The department has established a national team to consider financial support. Jones says there have been a large number of requests for fee waivers and adjustments to concessions and rent.
“We understand it’s not business as usual,” she says. “The last thing we want is to see anybody go out of business as a result of this.”
However, when asked about businesses with very little income who might be unable to pay DoC because their main customer base has dried up, Jones just says: “It’s a very good question and no one has the answer to that at the moment.”
Lou Sanson, DoC’s director-general, says via email the Government, including his department, is doing a lot to help tourism businesses across the country through the $1.1 billion environment jobs package. Dubbed ‘jobs for nature’, the package was “essentially based on helping failing tourism businesses”, Sanson says bluntly.
A statement in Sanson’s name sent later, from DoC head office in Wellington, is much more diplomatic.

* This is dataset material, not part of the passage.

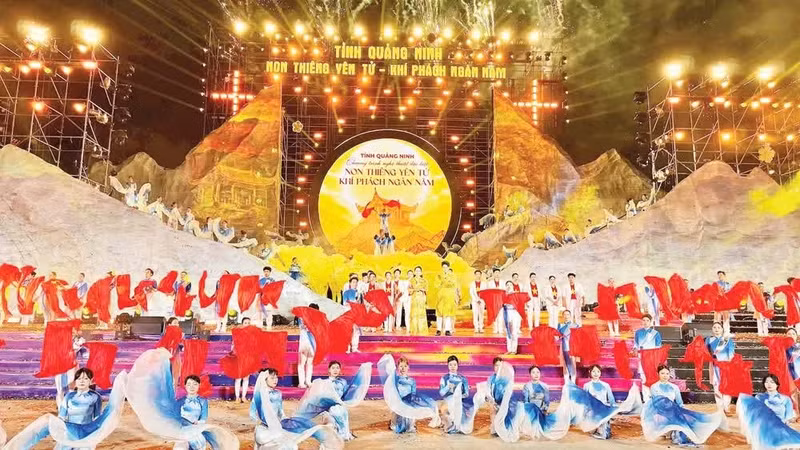 An art programme honouring the cultural and historical values of Yen Tu.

It said the department was sympathetic to businesses affected by Covid-19.
“We will continue to look at what additional support might be developed in the future for businesses, however the government is currently investing billions of dollars into wage subsidies, tax relief and other assistance.”
The message seems to be if the Government is to be fair, and consistent, an unfortunate consequence is some businesses will fail.

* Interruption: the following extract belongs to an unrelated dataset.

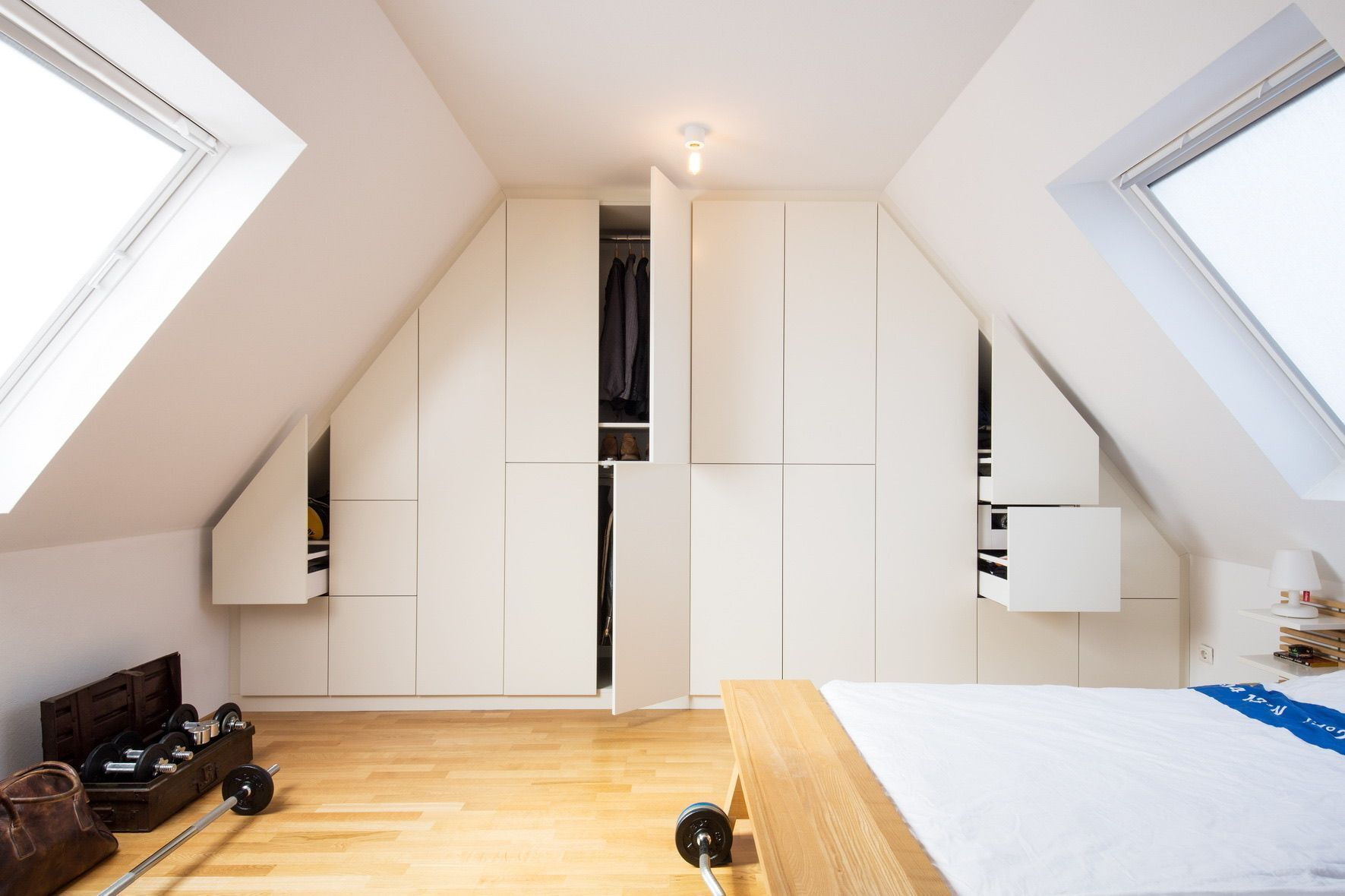 Einbauschrank an Giebelwand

Aoraki/Mt Cook DoC boss Jones says: “You only need to take a look around the rest of the country, or listen to the news, tonight even, that while Aoraki is a small village, it’s not unique.”
Musings on fairness
Is that fair, though? Or is an inflexible Government, floundering to find a policy to support small businesses, just being equally unfair?
How fair is it, in the wake of a global pandemic, to have an arm of a big-spending Government demand local body rates from businesses that have lost most of their income? Talk of fairness might also seem a little cheap after immigration exemptions were granted for 56 film staff for the movie Avatar.
Adventure guide Charlie Hobbs is fearful the recent Hermitage shutdown means there’ll be a shortfall in the village’s rates budget which will have to be met by small operators.
“If the Hermitage aren’t using the services they won’t have to pay,” he says, adding: “We might do the same thing if there’s a cost to us that’s just not acceptable.”